SUPPLIED DATA
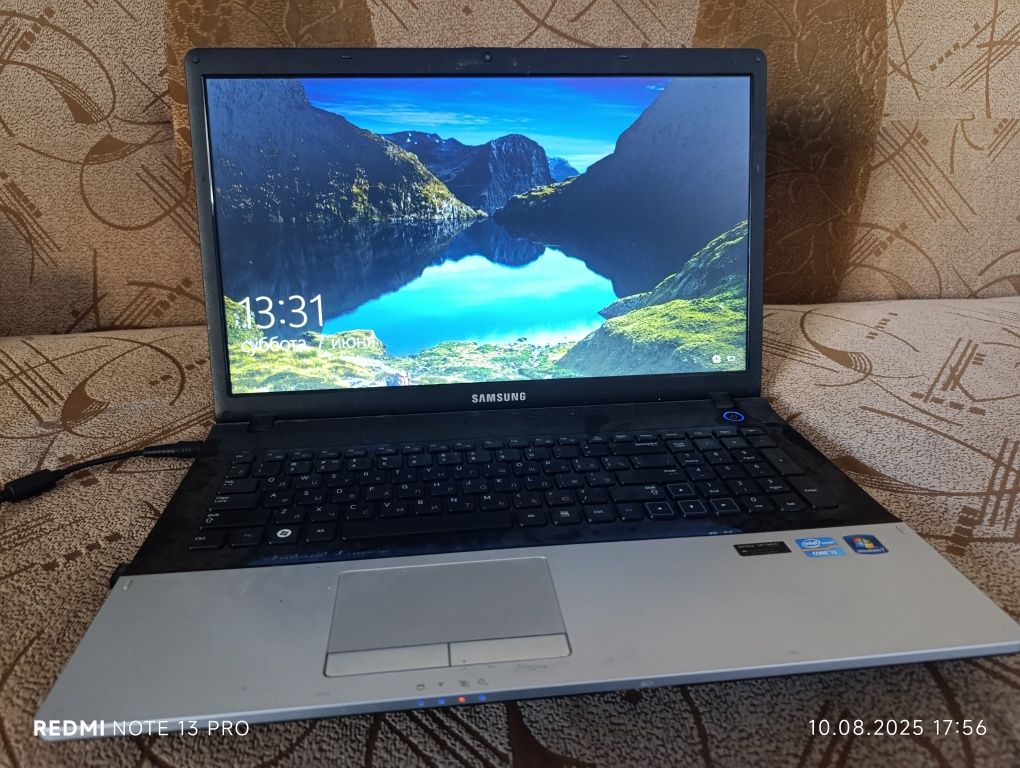 Notubuk sotiladi madeli Samsung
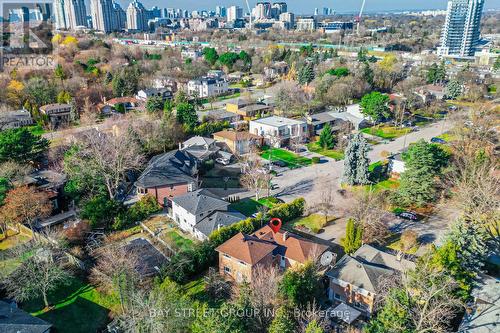 33 Hopperton Dr, Toronto, ON - Outdoor With View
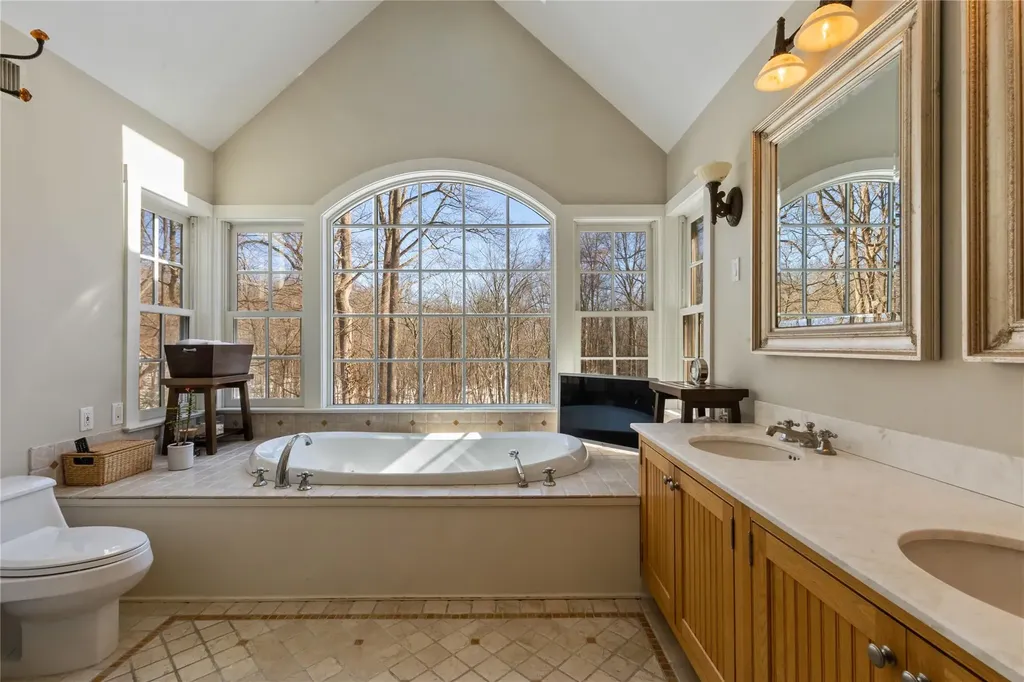 12 Fox Ridge Road Armonk NY 10504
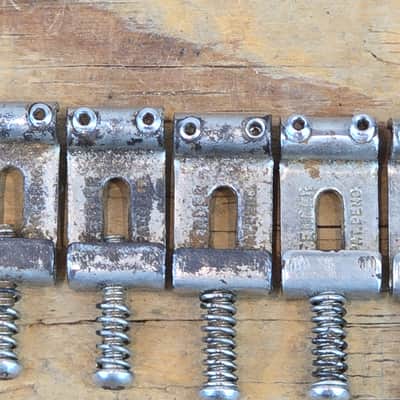 Vintage 1950s 1960s Fender Stratocaster Bridge Saddles - Set of 5 image 7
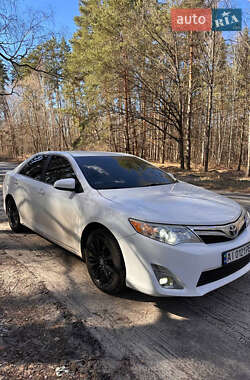 Седан Toyota Camry 2013 в 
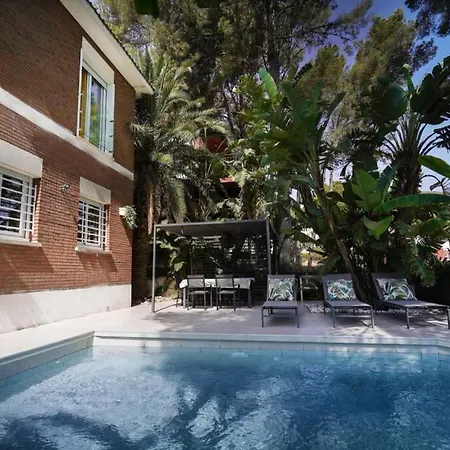 Luxury House With Pool *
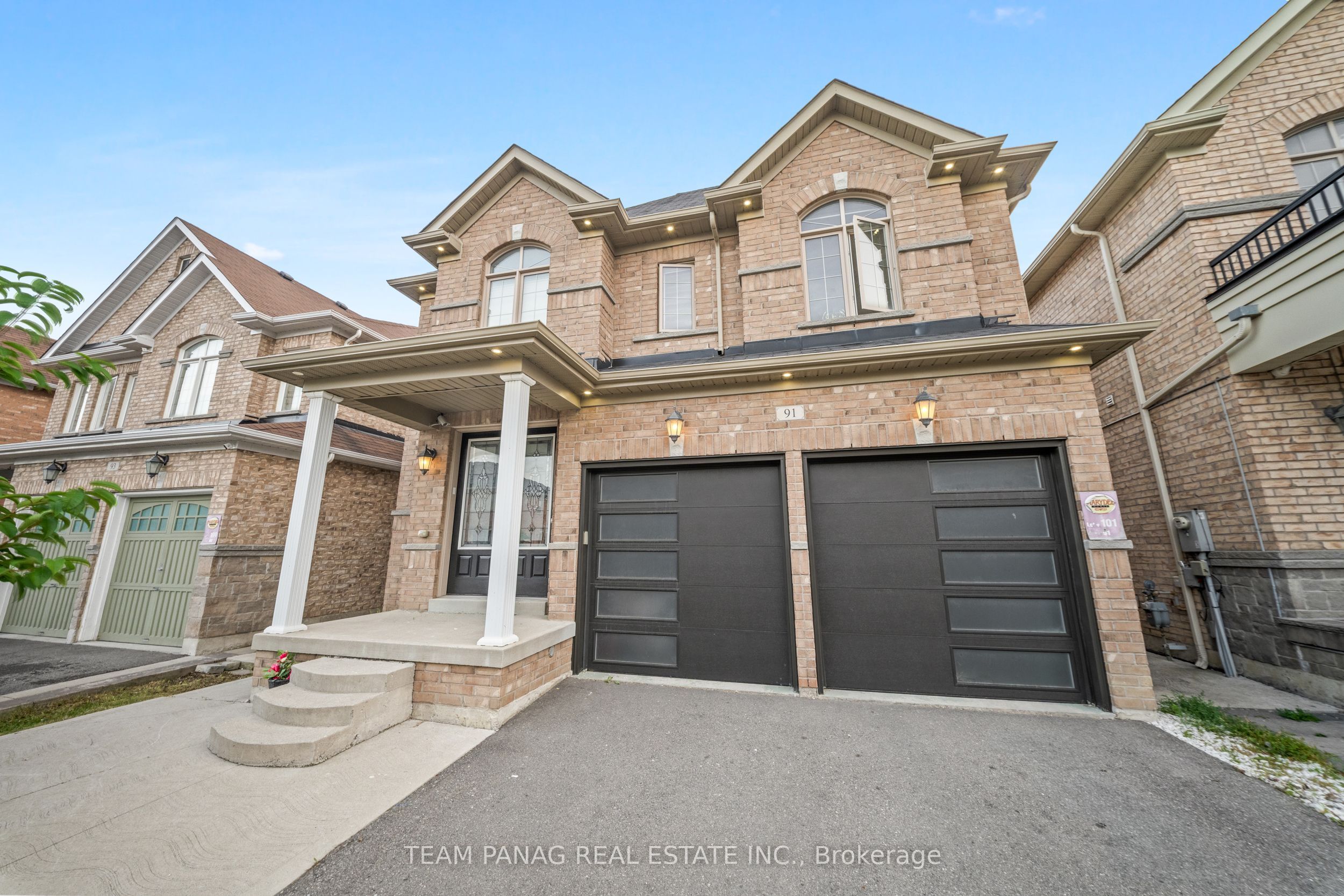 91 Campwood Crescent, Brampton, ON L6P 3S9 photo 2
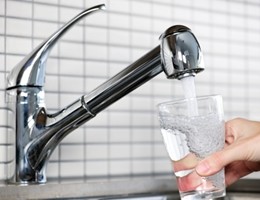 Oltre due italiani su tre bevono l'acqua del rubinetto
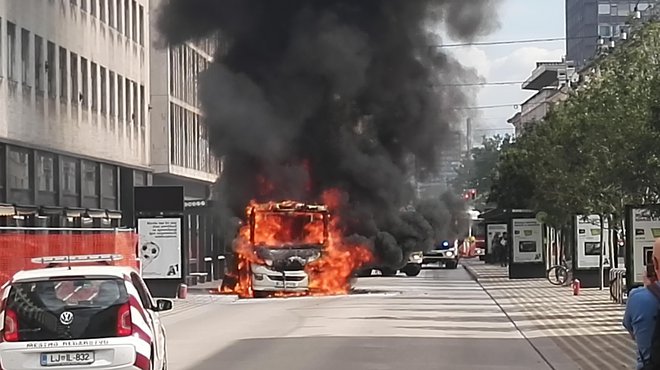 Avtobus na Slovenski cesti je zajel ogenj. FOTO: taksist Robi
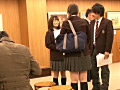 美術館で白い本気汁を恥ずかしいほど垂れ流す敏感娘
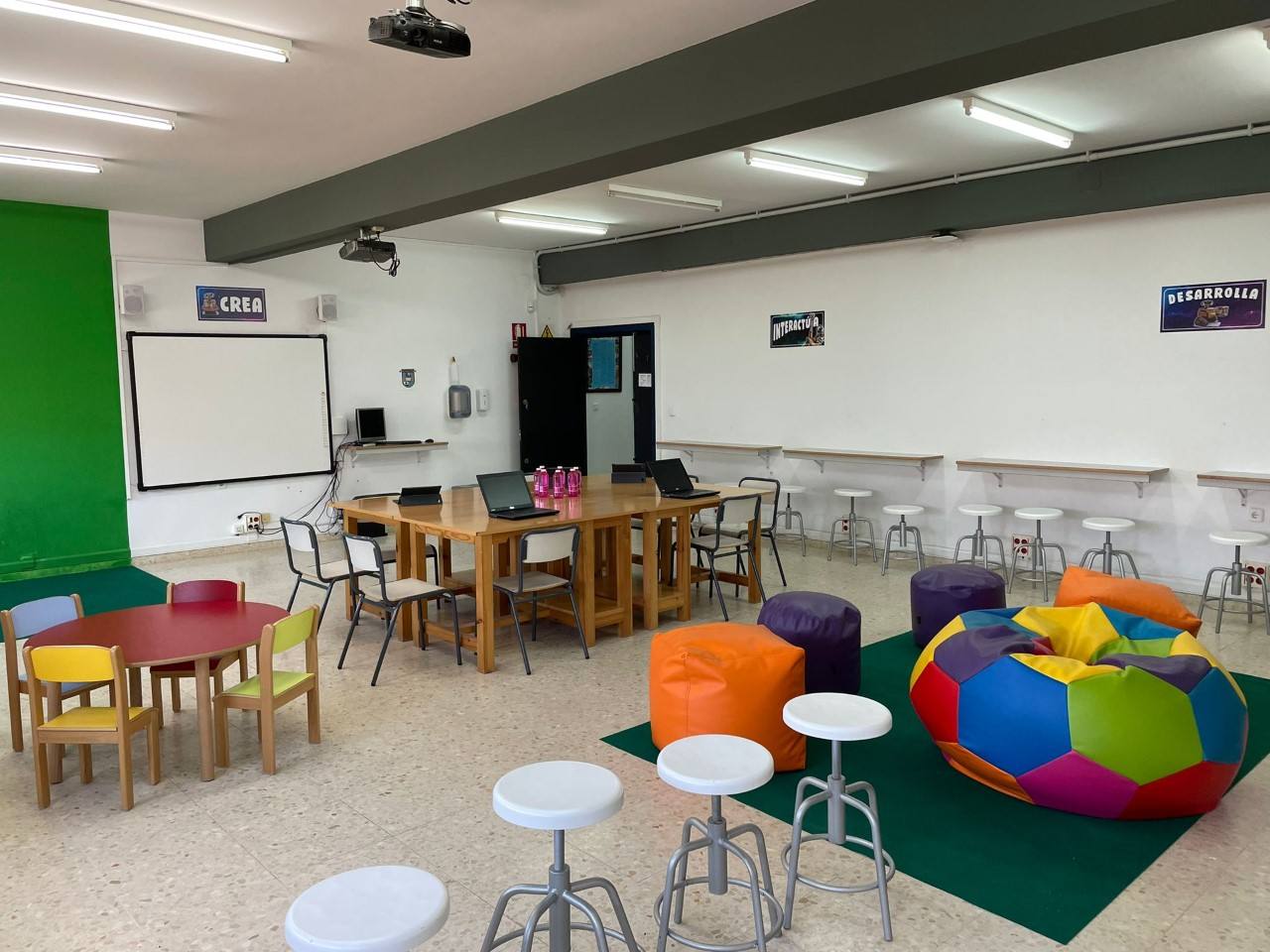 Aula de futuro en el Romero 
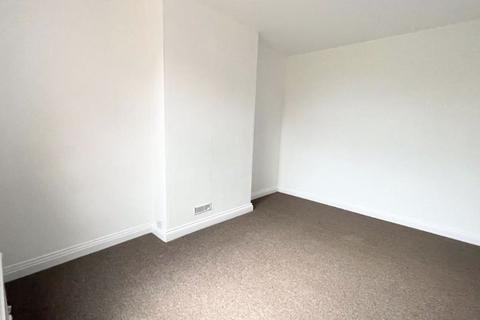 2 bedroom terraced house to rent, Cemetery Road, Loughborough LE12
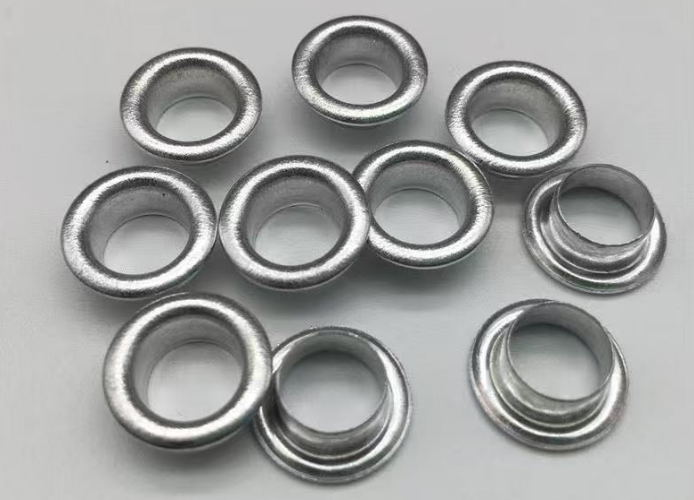 Anderes Ösenmaterial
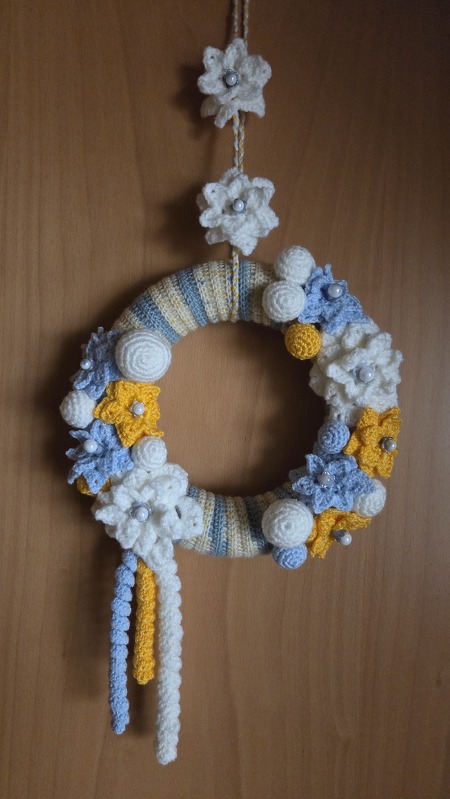 Türkranz mit Blüten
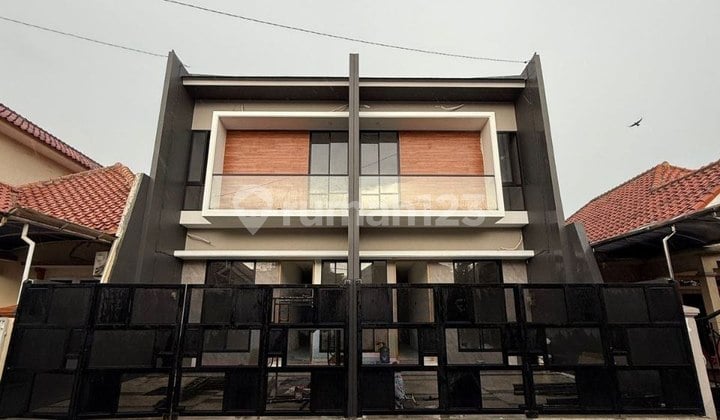 Brand New, Mukti Mansion House Located in an Elite Housing Estate, Strategically Positioned Brand New, Mukti Mansion House Located in an Elite Housing Estate, Strategically Positioned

WHAT IS REQUIRED
For this exercise, write the listing out again exactly, excluding all images.

EXERCISE ANSWER
 Notubuk sotiladi madeli Samsung
 33 Hopperton Dr, Toronto, ON - Outdoor With View
 12 Fox Ridge Road Armonk NY 10504
 Vintage 1950s 1960s Fender Stratocaster Bridge Saddles - Set of 5 image 7
 Седан Toyota Camry 2013 в 
 Luxury House With Pool *
 91 Campwood Crescent, Brampton, ON L6P 3S9 photo 2
 Oltre due italiani su tre bevono l'acqua del rubinetto
 Avtobus na Slovenski cesti je zajel ogenj. FOTO: taksist Robi
 美術館で白い本気汁を恥ずかしいほど垂れ流す敏感娘
 Aula de futuro en el Romero 
 2 bedroom terraced house to rent, Cemetery Road, Loughborough LE12
 Anderes Ösenmaterial
 Türkranz mit Blüten
 Brand New, Mukti Mansion House Located in an Elite Housing Estate, Strategically Positioned Brand New, Mukti Mansion House Located in an Elite Housing Estate, Strategically Positioned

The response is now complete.